Game Recap: OKLAHOMA CITY The score says 111-100. The tape says something else.
The Knicks hung around, scrapped, even looked like they might make it a game into the fourth. Then the legs went. Then the bodies went. And yeah then Deuce went.
Miles “Deuce” McBride, back after a two-month grind through a sports hernia recovery, lasted barely a half Sunday night before grabbing at his groin and heading straight to the locker room. That was it. Again.
And just like that, whatever margin for error New York had? Gone.
“I haven’t talked to medical yet… it’s tough,” Mike Brown said after. Short, clipped. You could hear it. “He’s worked his tail off to be back.”
Meanwhile, Oklahoma City did what Oklahoma City does. Pressured the ball, turned misses into sprints, and slowly not even a haymaker, more like steady body shots pulled away in the second half.
The Injury That Changed Everything
What happened to Deuce McBride?
It wasn’t subtle.
Third quarter. Loose ball. McBride dives classic Deuce, no hesitation and crashes into Lu Dort. Hits the floor, stays there a beat too long. Then the grab. Groin area.
You’ve seen that movie before.
He limped off. Didn’t come back. Finished with 0 points in 11 minutes, 0-for-3 from the field. But the box score kinda lies here. Knicks felt him when he was out there.
Brown didn’t sugarcoat it.
“One of our best on-ball defenders… especially pick-and-roll,” he said. “Quick, strong, gets over screens. He gives us a nice punch.”
And that punch disappeared right when New York needed it most.
Why did the Knicks fade late?
Short answer?
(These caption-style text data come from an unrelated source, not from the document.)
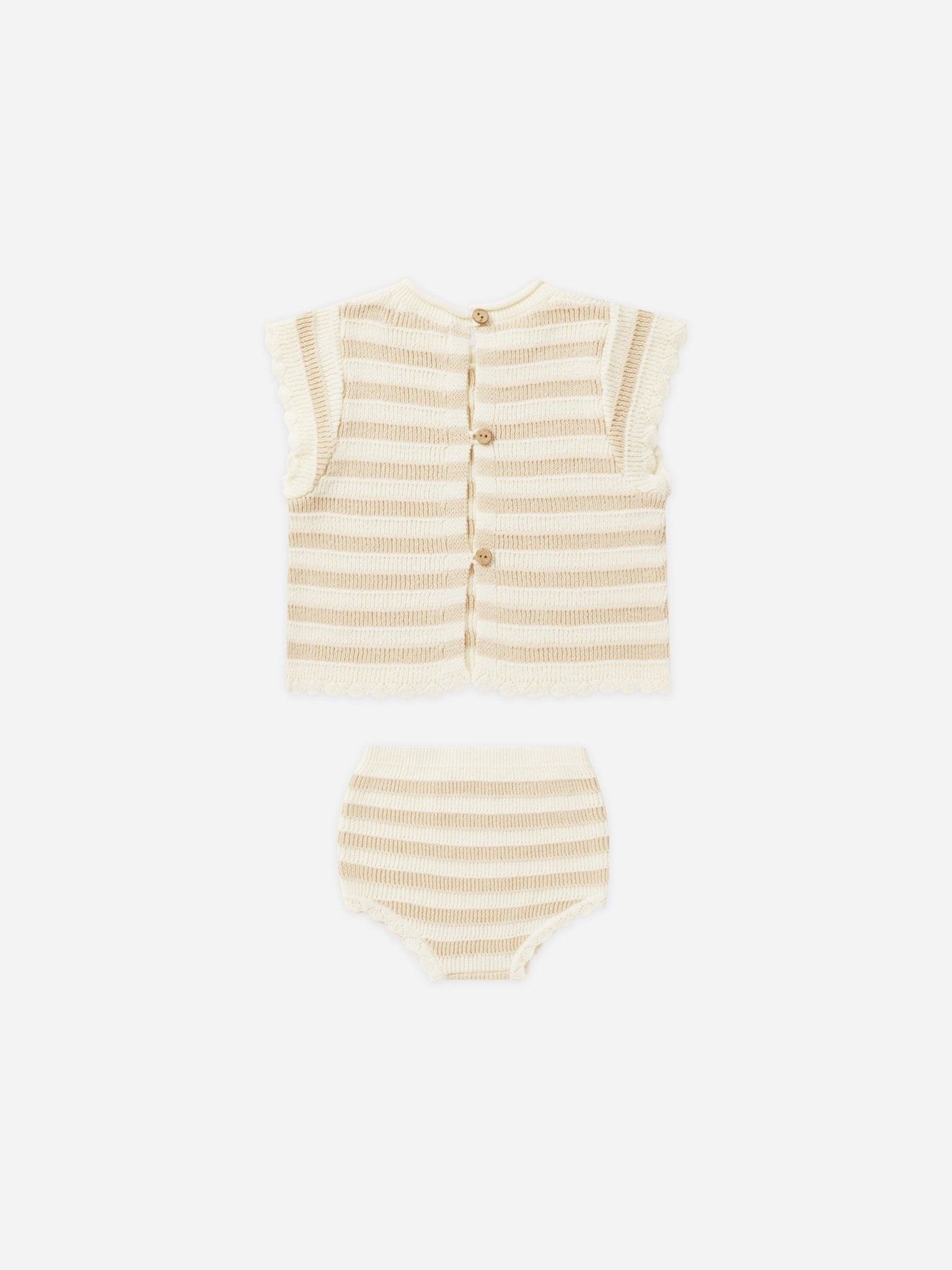 Scallop Knit Baby Set || Sand Stripe - Rylee + Cru Canada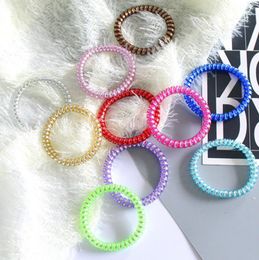 Rubber Band Headwear Telephone Wire Hair Ties Spiral Shape Gum Ponytail Holder Women Girls Hair Accessories 11 Colours DW5699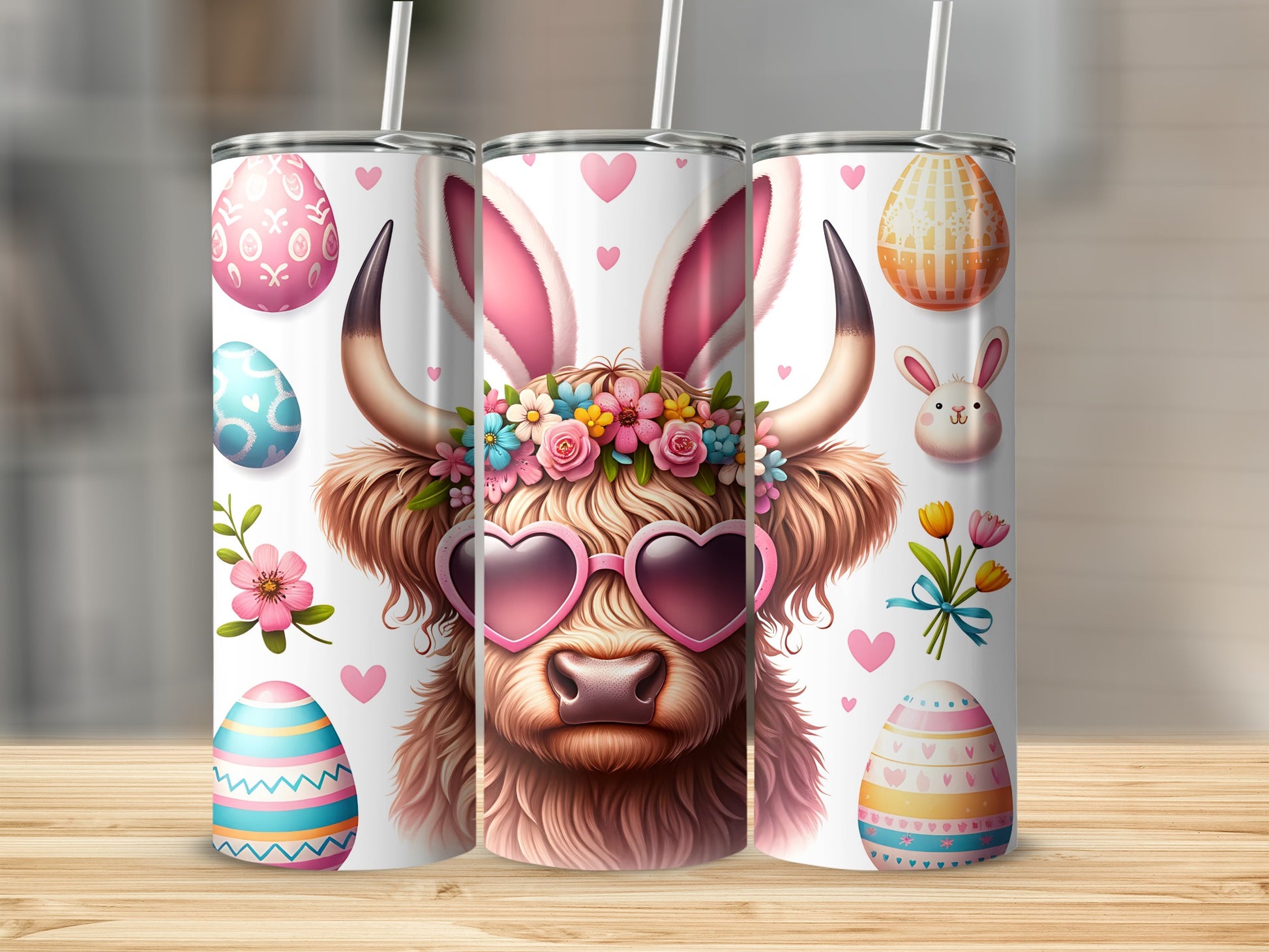 Cow with bunny ears and heart sunglasses, Easter eggs, flowers, and tulips.
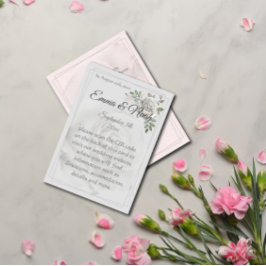 Dusty White Roses Boda Detalles Tarjeta de Gabinet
Bodies. Depth. Fouls. Then no McBride.
Longer answer the Knicks’ perimeter defense cracked once Deuce was out. That’s where Oklahoma City lives. Ball handlers turning the corner, forcing rotations, kicking to shooters. Rinse, repeat.
Jalen Brunson kept probing, kept trying to manufacture something. But the spacing got tighter. The bench didn’t have the same juice. And the Thunder smelled it.
Brown pointed at the foul trouble too. Said they were “a little shorthanded.” That’s putting it mildly.
By the time the fourth rolled around, it felt like New York was just trying to hold the line. OKC was already gone.
Key Performances
Jalen Brunson keeps grinding
Didn’t quit. Didn’t have much help either once rotations tightened. Tried to control tempo, pick spots. But without McBride as a release valve or defensive stopper, everything got heavier.
Afterward, he kept it simple.
“He’ll be back,” Brunson said. “He works too hard.”
Thunder’s formula travels
No fireworks headline here just system ball. Pressure defense, smart rotations, timely scoring runs. The kind of game that adds up over 48 minutes.
They didn’t need a miracle. Just consistency. Got it.
Rotation Questions Still Linger
Why hasn’t Mike Brown changed the starting lineup?
Fans keep asking. Brown keeps holding the line.
“Consistency,” he said. That’s the word he keeps going back to.
He’ll tweak the eighth, ninth guys. Mix and match bench units. But the starters? He’s riding with them.
“More important… to keep that starting group together,” Brown said.
Fair. But nights like this when depth gets tested that decision gets louder.
Injury Watch: What’s Next?
McBride is the big one now. Again.
Two months out. One half back. Now this.
Knicks have about two weeks left in the regular season. Not much runway. And no guarantee this is minor especially given the history with the sports hernia.
Landry Shamet, meanwhile, missed his fourth straight but is at least traveling. Brown said he’s “progressing,” which in late March could mean anything from “close” to “not yet.”
The Bigger Picture
This wasn’t just a loss. It felt like one.
Knicks needed rhythm heading into April. Needed bodies. Needed something stable.
Instead? Another injury scare. Another rotation shuffle coming. Another night where the fourth quarter got away from them.
And yeah if McBride misses time again, that “nice punch” Brown keeps talking about?
They’re gonna need to find it somewhere else. Fast.